How to save dictionaries and arrays in the same archive (with numpy.savez)

Tags:

python

dictionary

numpy

first question here. I'll try to be concise.

I am generating multiple arrays containing feature information for a machine learning application. As the arrays do not have equal dimensions, I store them in a dictionary rather than in an array. There are two different kinds of features, so I am using two different dictionaries.

I also generate labels to go with the features. These labels are stored in arrays. Additionally, there are strings containing the exact parameters used for running the script and a timestamp.

All in all it looks like this:

import numpy as np    

feature1 = {}
feature2 = {}
label1 = np.array([])
label2 = np.array([])
docString = 'Commands passed to the script were...'

# features look like this:
feature1 = {'case 1': np.array([1, 2, 3, ...]),
            'case 2': np.array([2, 1, 3, ...]),
            'case 3': np.array([2, 3, 1, ...]),
            and so on... }

Now my goal would be to do this:

np.savez(outputFile, 
         saveFeature1 = feature1, 
         saveFeature2 = feature2, 
         saveLabel1 = label1, 
         saveLabel2 = label2,
         saveString = docString)

This seemingly works (i.e. such a file is saved with no error thrown and can be loaded again). However, when I try to load for example the feature from the file again:

loadedArchive = np.load(outFile)
loadedFeature1 = loadedArchive['saveFeature1']
loadedString = loadedArchive['saveString']

Then instead of getting a dictionary back, I get a numpy array of shape (0) where I don't know how to access the contents:

In []: loadedFeature1
Out[]: 
       array({'case 1': array([1, 2, 3, ...]), 
              'case 2': array([2, 3, 1, ...]), 
              ..., }, dtype=object)

Also strings become arrays and get a strange datatype:

In []: loadedString.dtype
Out[]: dtype('|S20')

So in short, I am assuming this is not how it is done correctly. However I would prefer not to put all variables into one big dictionary because I will retrieve them in another process and would like to just loop over the dictionary.keys() without worrying about string comparison.

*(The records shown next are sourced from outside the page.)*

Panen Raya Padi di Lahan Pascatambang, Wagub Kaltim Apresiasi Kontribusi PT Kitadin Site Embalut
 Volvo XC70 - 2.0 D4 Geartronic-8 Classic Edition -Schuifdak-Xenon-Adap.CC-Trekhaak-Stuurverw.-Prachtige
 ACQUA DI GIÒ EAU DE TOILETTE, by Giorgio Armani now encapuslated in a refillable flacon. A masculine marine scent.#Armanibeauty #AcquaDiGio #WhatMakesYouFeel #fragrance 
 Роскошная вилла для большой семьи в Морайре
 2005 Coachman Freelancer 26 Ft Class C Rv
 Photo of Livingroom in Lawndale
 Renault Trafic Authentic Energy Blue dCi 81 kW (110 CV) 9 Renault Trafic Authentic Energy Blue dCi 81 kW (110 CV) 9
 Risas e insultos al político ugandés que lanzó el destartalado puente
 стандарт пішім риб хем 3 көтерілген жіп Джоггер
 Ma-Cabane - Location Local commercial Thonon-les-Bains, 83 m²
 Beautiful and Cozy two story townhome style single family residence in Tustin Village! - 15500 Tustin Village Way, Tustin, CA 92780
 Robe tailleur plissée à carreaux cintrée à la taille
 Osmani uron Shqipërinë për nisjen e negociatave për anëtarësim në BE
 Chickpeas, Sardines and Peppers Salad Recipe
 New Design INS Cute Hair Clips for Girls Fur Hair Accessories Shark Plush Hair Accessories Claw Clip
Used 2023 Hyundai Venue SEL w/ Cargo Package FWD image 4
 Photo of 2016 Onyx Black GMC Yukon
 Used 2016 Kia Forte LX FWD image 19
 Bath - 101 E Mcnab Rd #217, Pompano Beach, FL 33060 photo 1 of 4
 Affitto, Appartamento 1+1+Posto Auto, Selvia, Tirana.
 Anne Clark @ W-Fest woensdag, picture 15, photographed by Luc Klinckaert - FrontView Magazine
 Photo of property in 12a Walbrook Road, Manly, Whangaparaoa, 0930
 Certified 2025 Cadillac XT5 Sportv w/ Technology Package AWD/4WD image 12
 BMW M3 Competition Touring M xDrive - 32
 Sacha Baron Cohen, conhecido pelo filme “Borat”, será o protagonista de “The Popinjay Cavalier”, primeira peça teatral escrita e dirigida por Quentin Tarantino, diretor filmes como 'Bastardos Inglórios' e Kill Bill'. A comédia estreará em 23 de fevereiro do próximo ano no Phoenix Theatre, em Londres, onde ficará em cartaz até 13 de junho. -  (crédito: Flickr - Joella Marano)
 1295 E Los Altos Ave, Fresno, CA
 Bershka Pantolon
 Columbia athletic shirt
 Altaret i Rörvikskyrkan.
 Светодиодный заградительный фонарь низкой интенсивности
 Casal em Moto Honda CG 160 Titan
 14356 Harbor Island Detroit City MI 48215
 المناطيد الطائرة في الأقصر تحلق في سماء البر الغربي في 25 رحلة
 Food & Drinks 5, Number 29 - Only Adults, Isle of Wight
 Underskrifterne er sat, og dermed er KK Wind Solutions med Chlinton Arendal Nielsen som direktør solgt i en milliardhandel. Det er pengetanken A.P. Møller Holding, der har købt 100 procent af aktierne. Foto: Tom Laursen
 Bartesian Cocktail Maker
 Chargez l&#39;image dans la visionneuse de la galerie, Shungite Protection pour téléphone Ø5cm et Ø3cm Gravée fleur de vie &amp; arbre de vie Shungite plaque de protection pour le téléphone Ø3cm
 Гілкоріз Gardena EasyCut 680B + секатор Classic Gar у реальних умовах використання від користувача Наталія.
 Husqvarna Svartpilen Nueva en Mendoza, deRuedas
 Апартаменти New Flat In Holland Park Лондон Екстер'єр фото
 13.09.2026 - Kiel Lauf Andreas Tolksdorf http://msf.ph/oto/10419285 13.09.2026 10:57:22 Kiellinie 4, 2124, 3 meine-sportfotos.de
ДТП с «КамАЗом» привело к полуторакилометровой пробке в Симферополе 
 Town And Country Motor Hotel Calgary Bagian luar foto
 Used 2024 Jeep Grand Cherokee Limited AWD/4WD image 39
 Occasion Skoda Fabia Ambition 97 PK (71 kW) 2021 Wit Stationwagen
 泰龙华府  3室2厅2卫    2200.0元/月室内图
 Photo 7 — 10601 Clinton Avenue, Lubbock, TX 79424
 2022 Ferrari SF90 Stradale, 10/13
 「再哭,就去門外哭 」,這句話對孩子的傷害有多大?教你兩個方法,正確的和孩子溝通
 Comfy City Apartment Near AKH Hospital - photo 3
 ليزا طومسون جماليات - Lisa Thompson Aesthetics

Any ideas are greatly appreciated. Thanks

617

asked Apr 09 '12 15:04

surchs

3 Answers

As @fraxel has already suggested, using pickle is a much better option in this case. Just save a dict with your items in it.

However, be sure to use pickle with a binary protocol. By default, it less efficient format, which will result in excessive memory usage and huge files if your arrays are large.

saved_data = dict(outputFile, 
                  saveFeature1 = feature1, 
                  saveFeature2 = feature2, 
                  saveLabel1 = label1, 
                  saveLabel2 = label2,
                  saveString = docString)

with open('test.dat', 'wb') as outfile:
    pickle.dump(saved_data, outfile, protocol=pickle.HIGHEST_PROTOCOL)

That having been said, let's take a look at what's happening in more detail for illustrative purposes.

numpy.savez expects each item to be an array. In fact, it calls np.asarray on everything you pass in.

If you turn a dict into an array, you'll get an object array. E.g.

import numpy as np

test = {'a':np.arange(10), 'b':np.arange(20)}
testarr = np.asarray(test)

Similarly, if you make an array out of a string, you'll get a string array:

In [1]: np.asarray('abc')
Out[1]: 
array('abc', 
      dtype='|S3')

However, because of a quirk in the way object arrays are handled, if you pass in a single object (in your case, your dict) that isn't a tuple, list, or array, you'll get a 0-dimensional object array.

This means that you can't index it directly. In fact, doing testarr[0] will raise an IndexError. The data is still there, but you need to add a dimension first, so you have to do yourdictionary = testarr.reshape(-1)[0].

If all of this seems clunky, it's because it is. Object arrays are essentially always the wrong answer. (Although asarray should arguably pass in ndmin=1 to array, which would solve this particular problem, but potentially break other things.)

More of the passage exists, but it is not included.